Later in the proceedings, as Nel probed him further, Pistorius
insisted he thought he would be attacked when he heard noise coming from his
bathroom that night.
"I had a fear, I didn't have time to think, I discharged my
firearm ... I didn't intend to shoot at anyone, I shot out of fear."
'Zombie stopper'
Nel took the defense team by surprise Wednesday when he asked the
athlete about a shooting range video in which Pistorius is seen firing at a
watermelon, and then calling the impact "a zombie-stopper."
This prompted the defense to complain that the prosecution was
staging an "ambush" by introducing evidence. The court was briefly
adjourned as Judge Thokozile Masipa considered both positions. The defense
later said it would not object to the video being shown in court.

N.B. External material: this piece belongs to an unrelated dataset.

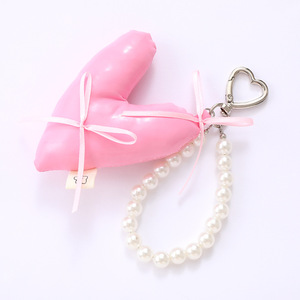 Porte-clés de poignet perlé tendance en cuir PU avec pendentif cœur rembourré, breloque de sac pour femme, accessoire de sac et de voiture - Product Image 6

"It makes me very upset to hear myself saying something like
that," Pistorius said as he admitted to making the comment. But he
insisted he was referring "to a zombie, not a human being."
Nel showed the court a graphic photo of Steenkamp's wounded head.

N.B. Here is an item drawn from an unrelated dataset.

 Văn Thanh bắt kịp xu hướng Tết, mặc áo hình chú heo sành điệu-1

Speaking of the watermelon in the video, the prosecutor said: "It
exploded. You know the same happened to Reeva?"
Pistorius snapped, sobbing.
"I was there, I don't have to look at a picture," he
said.
'My life is on the line'
Nel is going over the version of events that
Pistorius provided in an earlier bail application affidavit, and the one he's
given on the witness stand this week.
Pistorius has told the court what he remembered from the night
Steenkamp died, starting with the moment he opened his bathroom door after
shooting through it and saw her bloodied body.
On Tuesday, he described tearfully how, gripped by fear, he shot
Steenkamp dead through the locked toilet door, thinking she was an intruder.

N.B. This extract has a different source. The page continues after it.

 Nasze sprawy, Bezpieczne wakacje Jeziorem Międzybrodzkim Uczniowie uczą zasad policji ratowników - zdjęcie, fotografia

The prosecution alleges Pistorius killed his girlfriend after they
argued. Several witnesses have testified to hearing a man's shouts coming from
the house, although they have also spoken of the terrified screams of a woman
leading up to and during a volley of shots.
The trial has gripped South Africa, where Pistorius is considered
a symbol of triumph over physical adversity.
His disabled lower legs were amputated as a baby, but he went on
to achieve global fame as the "blade runner," winning numerous
Paralympic gold medals on the steel blades fitted to his prostheses.
Only those in the courtroom can see Pistorius because he has
chosen not to testify on camera. His testimony can be heard on an audio feed.
'I'm obsessed with looking at him'
The athlete said he would like to meet Steenkamp's parents, but
understood that they wouldn't want to.
"I don't think they will ever want to meet me," he said.
" I am terribly sorry that I took the life of their daughter."
Steenkamp's mother, June, sat in court throughout Pistorius' three
days on the stand.
In an interview with the UK's Mirror newspaper, she said she is
still trying to decide whether the sprinter is acting as he defends himself
against the murder charge.
"I look at Oscar the whole time, to see how he is coping, how
he is behaving. I'm obsessed with looking at him, it's just instinctive, I
can't explain it," she said.
"I keep thinking, 'let me see how he's taking this'. He has
been very dramatic, the vomiting and crying."
Talking about Pistorius' apology this week, she said: "It
left me unmoved. I knew it was coming. My lawyers had prepared me for it."
"I cried for the first time, 'Yes', but not because he
apologized, because of the suffering and agony that my darling daughter went
through and because I will never have her again."
The trial is scheduled to continue until the middle of May.
Judge Masipa will decide the verdict in collaboration with two
experts called assessors. South Africa does not have jury trials.